- Episode no.: Season 3 Episode 3
- Directed by: Tom Cherones
- Written by: Larry David
- Production code: 305
- Original air date: October 2, 1991

Guest appearances
- Barney Martin as Morty Seinfeld; Liz Sheridan as Helen Seinfeld; Sandy Baron as Jack Klompus; Ann Morgan Guilbert as Evelyn; Len Lesser as Uncle Leo; Annie Korzen as Doris Klompus; Magda Harout as Aunt Stella; Roger Nolan as Chiropractor; Tucker Smallwood as Photographer;

Episode chronology
| ← Previous "The Truth" | Next → "The Dog" |
- Seinfeld season 3

= The Pen =

"The Pen" is the 20th episode of Seinfeld, the third episode of the third season which first aired on NBC on October 2, 1991.
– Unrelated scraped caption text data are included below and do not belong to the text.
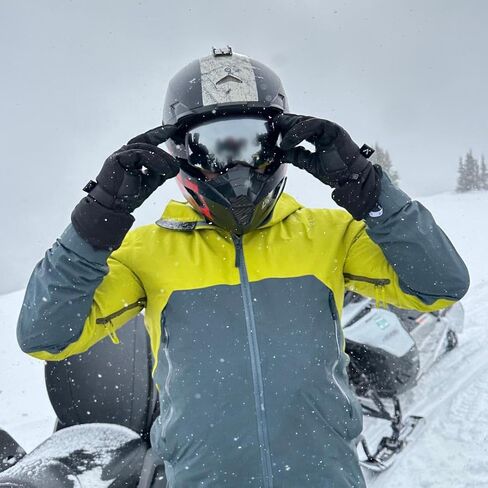 MULTI MIT - Waterproof, Breathable, & Touchscreen Compatible Winter Glove - Stay Warm Stay Connected with Dual Layer Gloves in Saudi Arabia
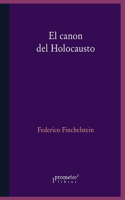 El canon del holocausto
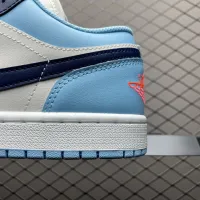 $98.00 USD Air Jordan 1 I For Men #1393096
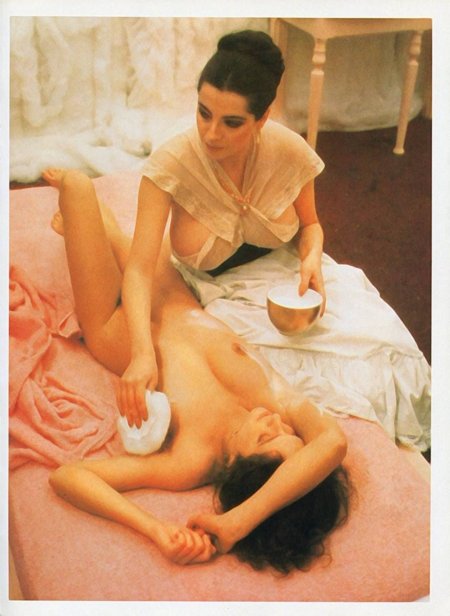 Donatella Damiani photo nude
This is the only episode in which the character of George Costanza does not appear and one of two episodes in which Kramer does not appear (the other being "The Chinese Restaurant"). Additionally, this episode is the first appearance of Morty's rival Jack Klompus and of Uncle Leo's wife (and Jerry's aunt) Stella.

==Plot==
Jerry and Elaine visit Jerry's parents Morty and Helen in Florida, where they will attend a ceremony honoring Morty as outgoing condo association president of the Seinfelds' retirement community, and go scuba diving. Jerry fends off his parents' insistence on yielding their car and bedroom to them, while covertly explaining why he and Elaine broke up.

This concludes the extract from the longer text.